There are two certainties in life, death and taxes.
This quote, popularised by American author and humorist Mark Twain, still rings true to this day. It doesn’t matter where you live; taxes are a necessary part of life.
The only people who seem to have managed to find a way never to be part of a tax system are always the same people you see on the National Geographic Channel, who have abandoned society in favour of a doomsday prepper life. Now there are times where this sounds intriguing, but I think I would miss having my trash collected once a week.
It’s also now entirely possible that you can live and work in several countries before you retire.
It can often sound unthinkable that a person can have bank accounts and tax numbers in multiple different countries as well as passports (if you’re lucky enough to have dual-citizenship). Still, it’s an increasingly regular part of life for many people.

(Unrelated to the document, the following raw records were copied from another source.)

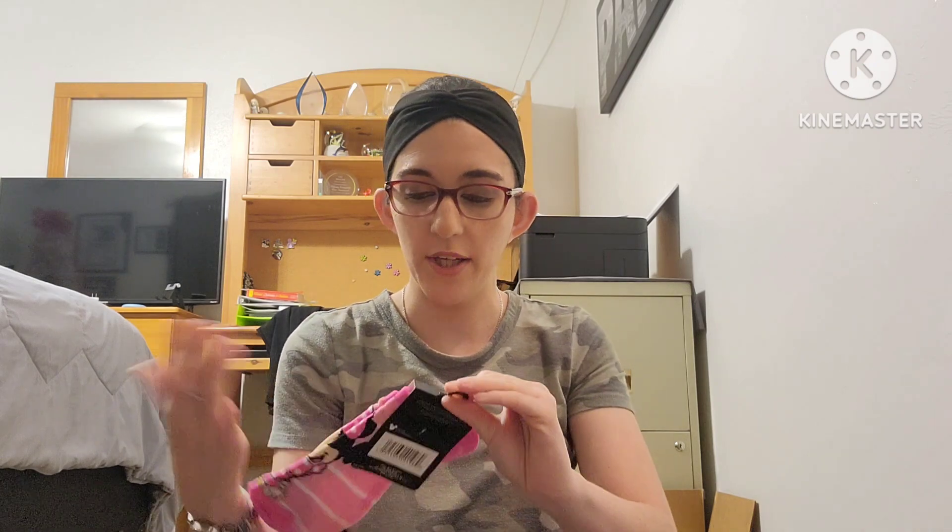I also found these and thought they were so cute — it's the Disney Minnie Mouse no-show socks, size 4 to 10, one pair. I've picked up a couple of other pairs in the past in different hauls and I love them.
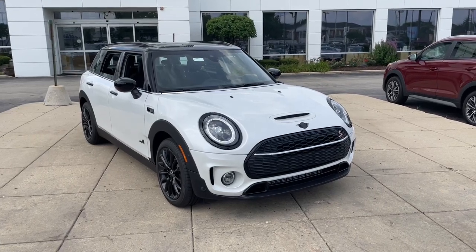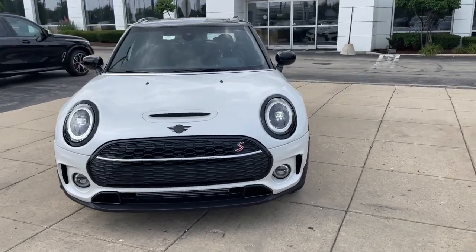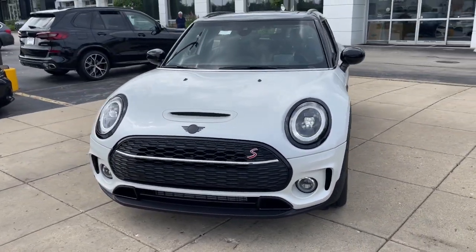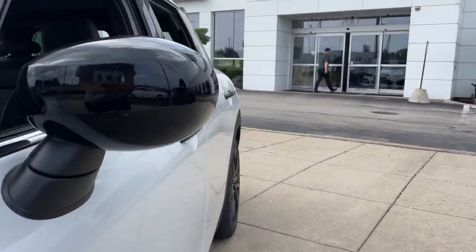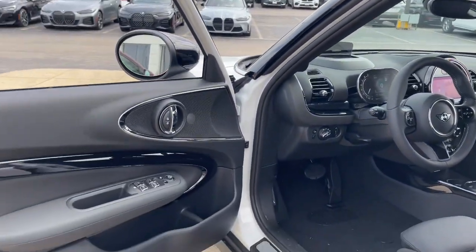Get acquainted with the 2024 Mini Cooper Clubman. This fun-loving Clubman delivers motorsport-inspired excitement and everyday versatility wrapped in smart retro style. Make every journey joyful in this spry subcompact wagon. These are just some of the great options this vehicle comes with.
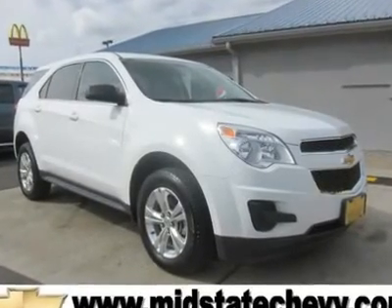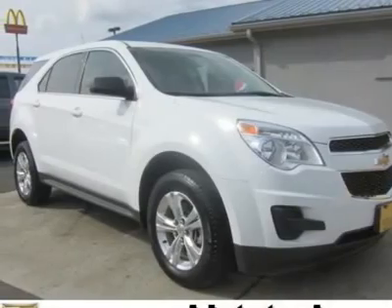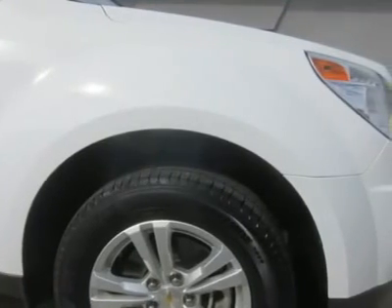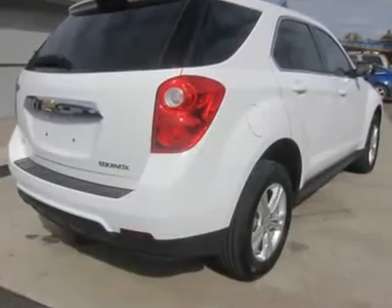You'll love this certified 2011 Chevrolet Equinox. This is a car you'll want to take home. With 20,999 miles, it features automatic transmission and an exterior color of Summit White. Call us and be the first to open the car door today.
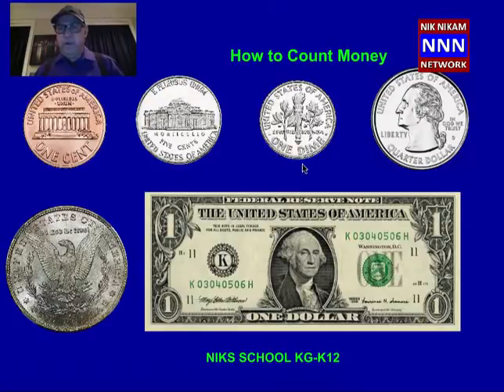Then we have one dime. Dime looks like a nickel but it is smaller than a nickel, and one dime is equal to 10 cents. Here we have 1 cent — how many 1-cent coins do we have to put to make 1 dime? It is going to be 10 cents. That means you have to have 10 cents to make a dime.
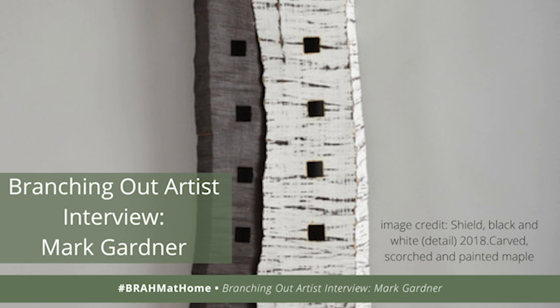Hello, this is Willard Watson, Programs and Outreach Director at the Blowing Rock Art and History Museum. Today we're going to listen to an interview with Mark Gardner. Mark Gardner is one of the featured artists in our Branching Out Works and Wood for North Carolina exhibition. I hope you enjoy this talk with Mark.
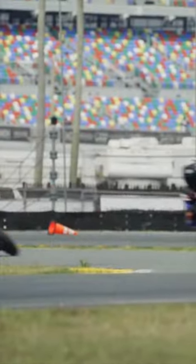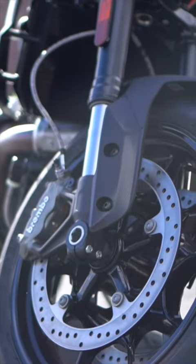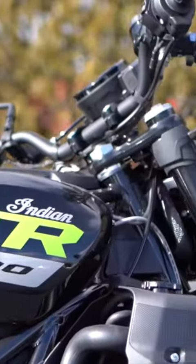One of the great things about the FTR is its versatility. The FTR is based off of the flat track race bike that has been setting the standard and winning championships for the last few years. It has a race pedigree which is something that really drives this bike. It's a bike that you can daily ride, daily commute.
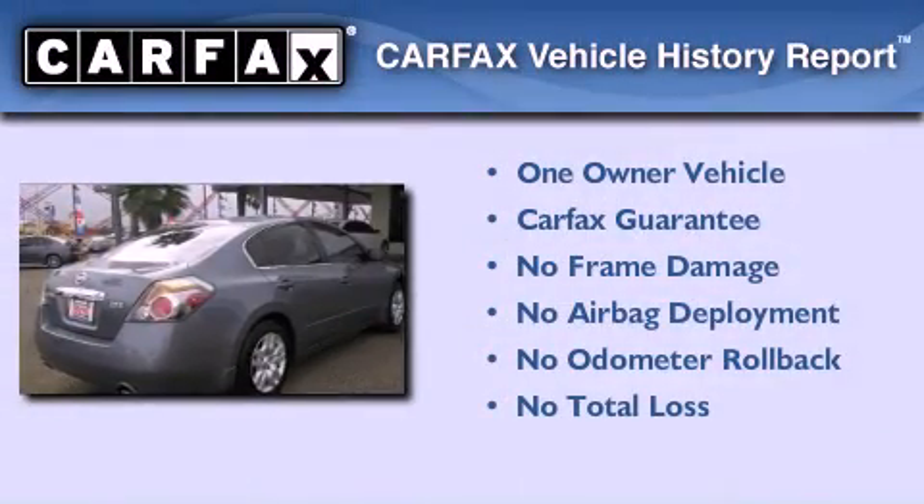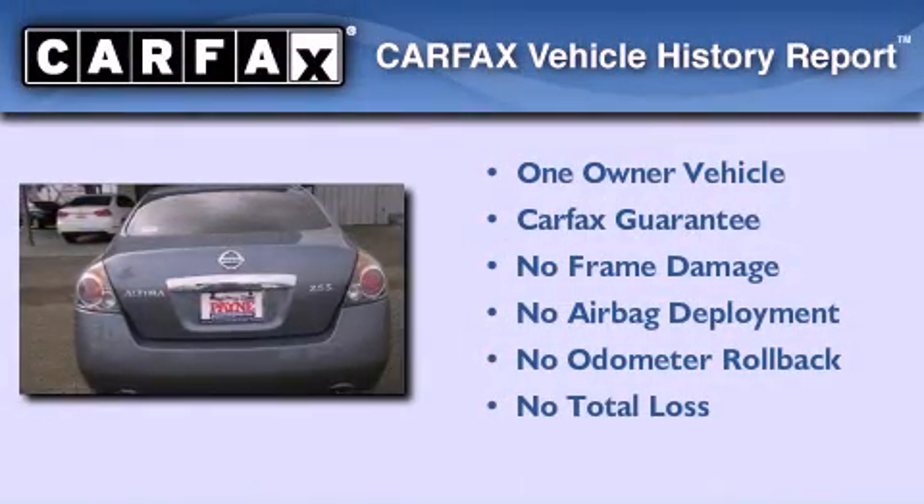This Nissan has had only one owner and it qualifies for the Carfax buy-back guarantee.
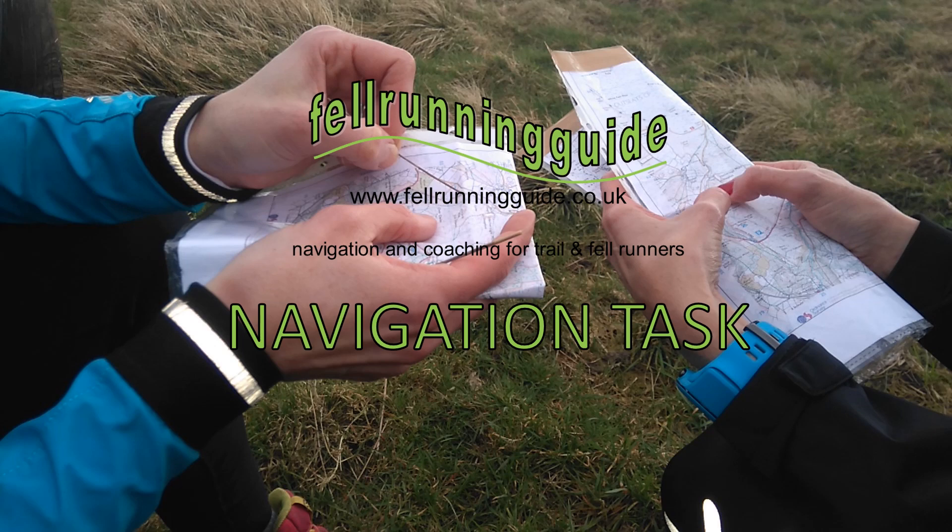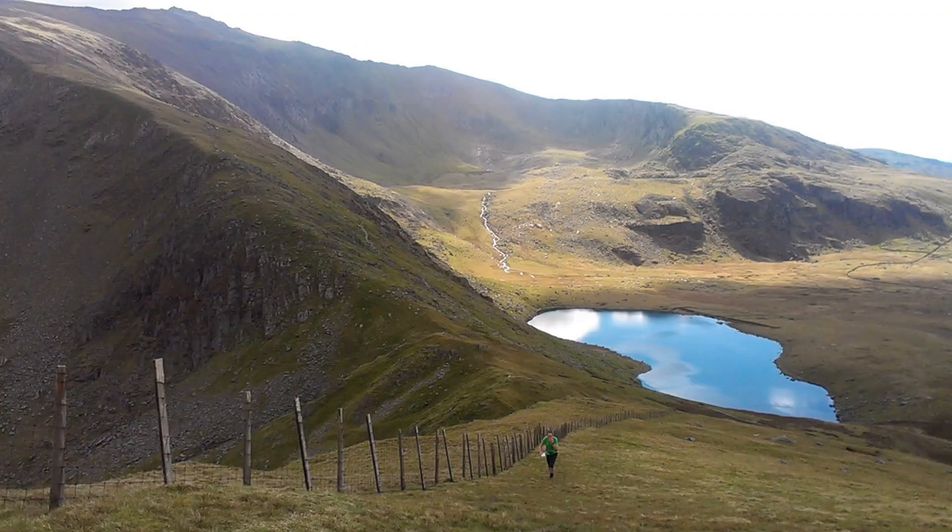Hi, this is Dave, Fellering Guide. Welcome to another navigation task, and this is another one where you've got to compare a map and a photograph.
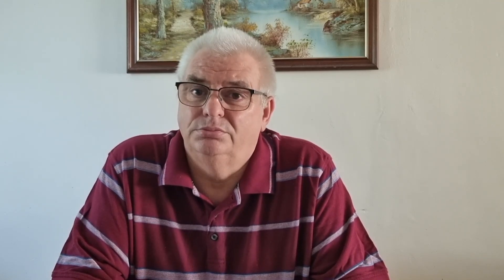But until then, keep smiling, have fun and get out there and enjoy camping. Till the next one. Bye for now.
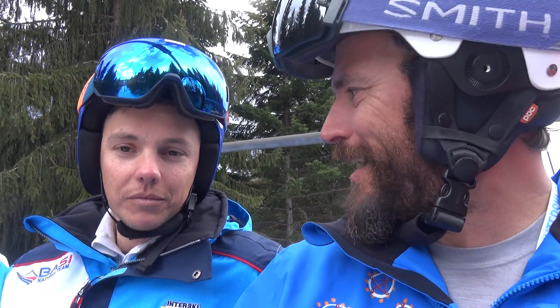Hi guys, I'm on the chair now with James Bennett from Basie. He's an Alpine and Telemark trainer examiner and he's also on the demo team for Alpine and probably mainly Telemark too. How's it going James?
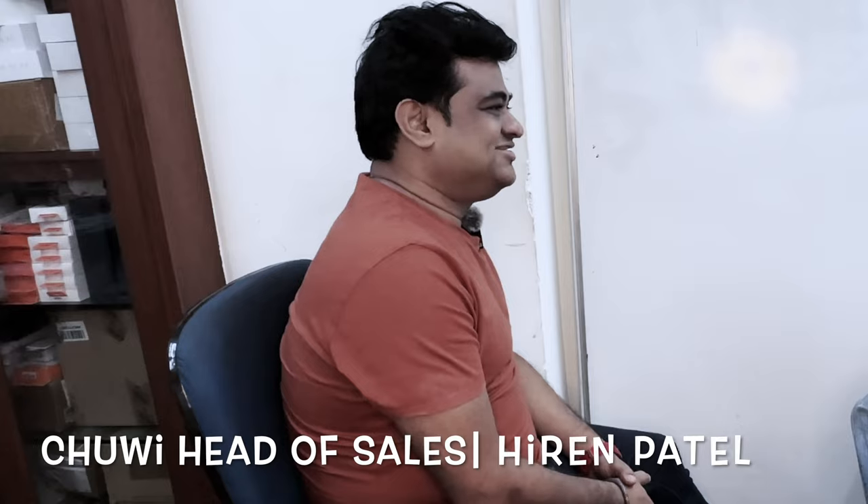Today I am very excited because we are going to talk about a value for money product — the most affordable laptop. I am with Chewy Head of Sales, Hiran Patel. Hello Mr. Hiran, how are you? I am doing good. Thanks for being here. So can you tell me why Chewy is the most affordable in this range?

So if you have decided to live and work in Iceland, what are the taxes like? What does the income tax pay for? Do you have to pay taxes in Iceland if you’re a foreigner?
All these questions and more are answered below.
What is the Income Tax Rate in Iceland?
Like many developed nations, Iceland has a sliding scale of income tax amounts that change depending on how much you earn. Iceland works on a ‘Pay As You Earn’ (PAYE) system. Income tax is deducted at the source of the income.
If you have an employer, they will deduct the taxes from your salary and pay them directly to the tax department. If you are a contract worker or freelancer, it will be your responsibility to pay the taxes you owe directly to the tax office.
The total amount an individual is taxed comprises two different taxes combined; income tax and municipal tax. Income tax is usually a source of state or national revenue; often, the funds derived from it go towards things like social security and healthcare.
Municipal taxes are more of a source of income for local governments. The funds from municipal taxes tend to go towards things like local infrastructure and community development.
Putting these two together, depending on the level of income and where in Iceland the individual resides, you can expect to pay somewhere between 30% and 46% of your wages as tax to the Icelandic state.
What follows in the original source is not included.